Hyderabad: Medical and Health Minister C Laxma Reddy has dismissed allegations of irregularities in the purchase of radiation machine in the MNJ Institute of Oncology and Regional Cancer Centre here.
Replying to a question in the Assembly on Tuesday on organ transplantation, Laxma Reddy said that a latest version of radiation machine had been purchased at a cost of Rs 14.51 crore and not at Rs 20 crore as was being alleged by opposition parties.
The Minister clarified that the hospital had obtained permission from the Atomic Energy Regulatory Board for the purchase of the machine in July, 2015 and no irregularities in purchase had taken place.
Laxma Reddy said that soon works on the construction of the proposed Nephrology Towers would be taken up in NIMS. He asserted that conditions in government hospitals were improving and even organ transplantations were being taken up successfully in Osmania, Gandhi and NIMS.

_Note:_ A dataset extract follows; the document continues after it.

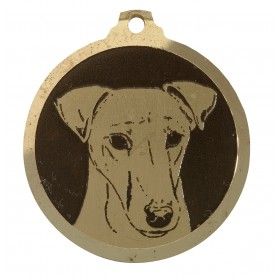 Médaille gravée en laiton Fox terrier poils lisses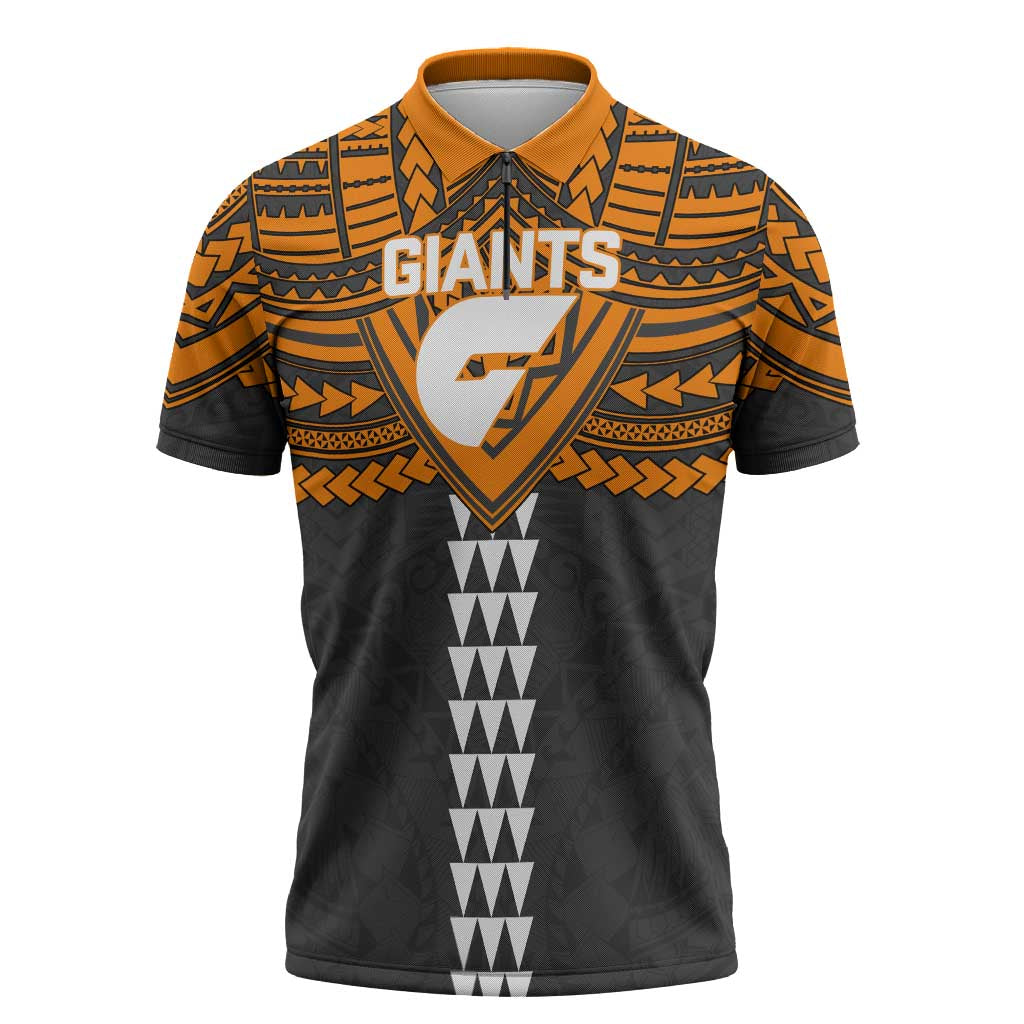 Personalized GWS Giants Zipper Polo Shirt Polynesian Tribal Pattern Heritage Football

Besides, steps had been taken to modernise all existing hospitals to carry out specialised surgeries, he said. The Minister told the House that Telangana was the first State in the country where heart transplantation had been carried out in a government hospital.
The Minister clarified that the government had already started roping in specialist surgeons to work in government hospitals by offering them high remuneration so as to deliver corporate standard medical services in government-run hospitals.
At the same time, specialist doctors in various government hospitals had been encouraged to put their skills to use, he added.
Presently, cadaver organ transplantation was taking place in government-run hospitals. Steps were being to modernise the facilities so that organ transplantations like those of liver and kidney could be carried out with live organ donors, he said.